Short web captions:
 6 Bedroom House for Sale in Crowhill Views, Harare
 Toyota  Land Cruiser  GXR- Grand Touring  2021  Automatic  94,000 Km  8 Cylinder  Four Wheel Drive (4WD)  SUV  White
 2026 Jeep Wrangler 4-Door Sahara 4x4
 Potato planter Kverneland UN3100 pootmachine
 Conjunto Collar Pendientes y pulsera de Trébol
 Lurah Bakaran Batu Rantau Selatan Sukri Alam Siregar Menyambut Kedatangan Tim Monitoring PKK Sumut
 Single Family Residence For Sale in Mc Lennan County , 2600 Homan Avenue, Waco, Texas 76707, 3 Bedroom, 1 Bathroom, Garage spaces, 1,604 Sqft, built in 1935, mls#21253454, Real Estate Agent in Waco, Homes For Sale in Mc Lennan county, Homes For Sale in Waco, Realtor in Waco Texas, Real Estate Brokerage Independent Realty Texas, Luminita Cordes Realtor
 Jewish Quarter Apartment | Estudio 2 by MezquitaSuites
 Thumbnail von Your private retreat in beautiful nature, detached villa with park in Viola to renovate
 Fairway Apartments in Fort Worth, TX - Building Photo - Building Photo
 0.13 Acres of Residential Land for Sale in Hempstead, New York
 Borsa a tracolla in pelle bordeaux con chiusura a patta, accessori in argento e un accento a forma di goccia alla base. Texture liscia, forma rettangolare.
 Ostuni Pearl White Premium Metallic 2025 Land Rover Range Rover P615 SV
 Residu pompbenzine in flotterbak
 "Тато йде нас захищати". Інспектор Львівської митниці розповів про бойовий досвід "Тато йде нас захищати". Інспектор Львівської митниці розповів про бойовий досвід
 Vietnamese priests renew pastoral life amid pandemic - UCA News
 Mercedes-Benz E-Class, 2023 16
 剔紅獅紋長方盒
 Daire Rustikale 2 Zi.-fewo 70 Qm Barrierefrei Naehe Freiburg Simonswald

What the task requires >> Please transcribe the data exactly from its first line. End with the line that contains "Lurah Bakaran Batu".

Reply to the exercise >>
 6 Bedroom House for Sale in Crowhill Views, Harare
 Toyota  Land Cruiser  GXR- Grand Touring  2021  Automatic  94,000 Km  8 Cylinder  Four Wheel Drive (4WD)  SUV  White
 2026 Jeep Wrangler 4-Door Sahara 4x4
 Potato planter Kverneland UN3100 pootmachine
 Conjunto Collar Pendientes y pulsera de Trébol
 Lurah Bakaran Batu Rantau Selatan Sukri Alam Siregar Menyambut Kedatangan Tim Monitoring PKK Sumut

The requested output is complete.